Experts Widen Criteria for Those Who Should Get Lung Cancer Screening
THURSDAY, Nov. 2, 2023 (HealthDay News) -- The American Cancer Society has expanded its recommendations for who should get lung cancer screening.
The updated guidance now says annual screening should start at a younger age and among those who smoke less, and it should continue regardless of how many years ago a former smoker may have quit.
"If you are a person who formerly smoked, once 15 years had elapsed since your cessation you were no longer eligible for lung cancer screening on the assumption that your risk had just gotten too low over time to justify screening," explained Robert Smith, senior vice president for Early Cancer Detection Science at the American Cancer Society (ACS).
"When we look at that, actually the continuing absolute risk and people who had a significant number of years of smoking, we found that just wasn't true," Smith said. "In fact, your risk declined a little bit after you stopped smoking. Then it flattened out and started increasing again as your age increased, and eventually, rising pretty steeply -- about 9% a year if you smoked 20 cigarettes a day."
To address that, screening should now start at age 50 and continue until age 80, the ACS said.
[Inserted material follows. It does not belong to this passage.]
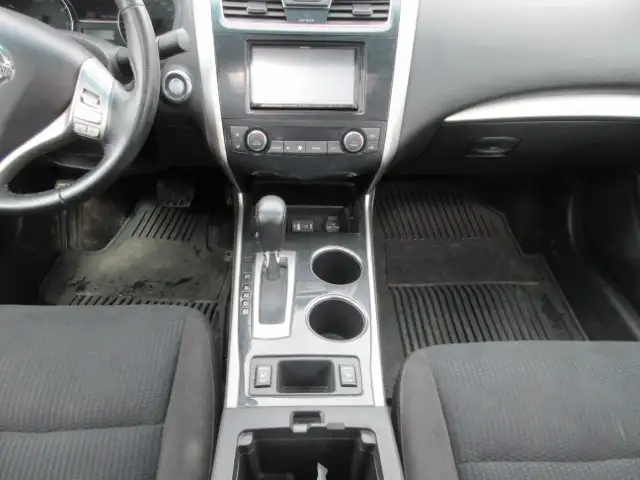 2014 Nissan Altima 2.5 Sunroof Heated Seats FWD - Photo 16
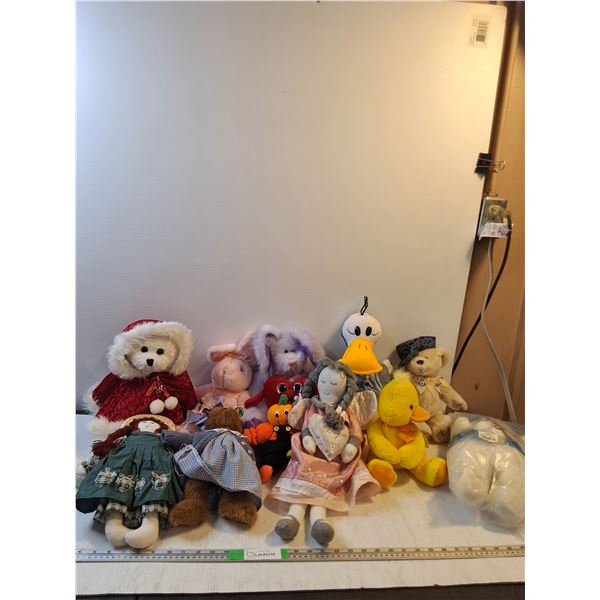 Box Of Various Stuffies ( Up To 20")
In addition, those who have smoked at least 20 cigarettes a day for 20 years or more should be screened; the previous recommendation was 20 cigarettes a day for 30 years.
The report was published Nov. 1 in the journal CA: A Cancer Journal for Clinicians.
These recommendations are now in line with those of the U.S. Preventive Services Task Force, which were issued two years ago, Smith said. The only difference is the recommendation that screening starts regardless of how long ago someone quit smoking. That's not part of the task force recommendation, so these people may find that their screening is not covered by their insurance company, he said.
"Also, a lot of people who are eligible for lung cancer screening don't have health insurance," Smith said.
"People who are eligible tend to be more likely to be lower-income, they aren't well-integrated into health care," he noted. "Many people who still smoke or formerly smoked have not been treated very well by health care systems. There's a lot of stigma associated with smoking and there's certainly a lot of stigma associated with lung cancer as a disease caused by smoking."
But lung cancer screening does save lives, one expert stated.
"For people who smoke, lung cancer screening with low-dose CT scans has been shown to reduce deaths due to lung cancer," said Dr. Don Dizon, a professor of medicine at Brown University and co-author of an editorial accompanying the report.
"Still, the best strategy to reduce the risk of lung cancer is to prevent it by not smoking, and if one does smoke, to stop," Dizon said.
While stopping smoking will lower one's risk of lung cancer compared with those who continue to smoke, they still face an elevated risk of lung cancer. For this reason, they should discuss the option to participate in lung cancer screening programs with their doctor, he said.
"Removing the years since one quit as a criterion for screening will increase the proportions of people eligible for screening," Dizon said. "It's estimated that it will do this by 30% across white, Hispanic and Asian groups, and by 27% among Black individuals."
Increasing lung cancer screening remains important across the United States, where only 18% to 30% of all who are eligible are screened, Dizon noted.
Dr. Brett Bade, a pulmonologist at Northwell Health in New York City, said that lung cancer screening catches the disease early and new treatments can now save lives.
With screening, up to 50% of lung cancers are found early whereas before screening only 20% were identified, he said.
"We have the potential to find up to half or more of lung cancers in an early stage if we broadly implement lung cancer screening and there are immunologic therapies and targeted therapies that are extending people's lives significantly," Bade said.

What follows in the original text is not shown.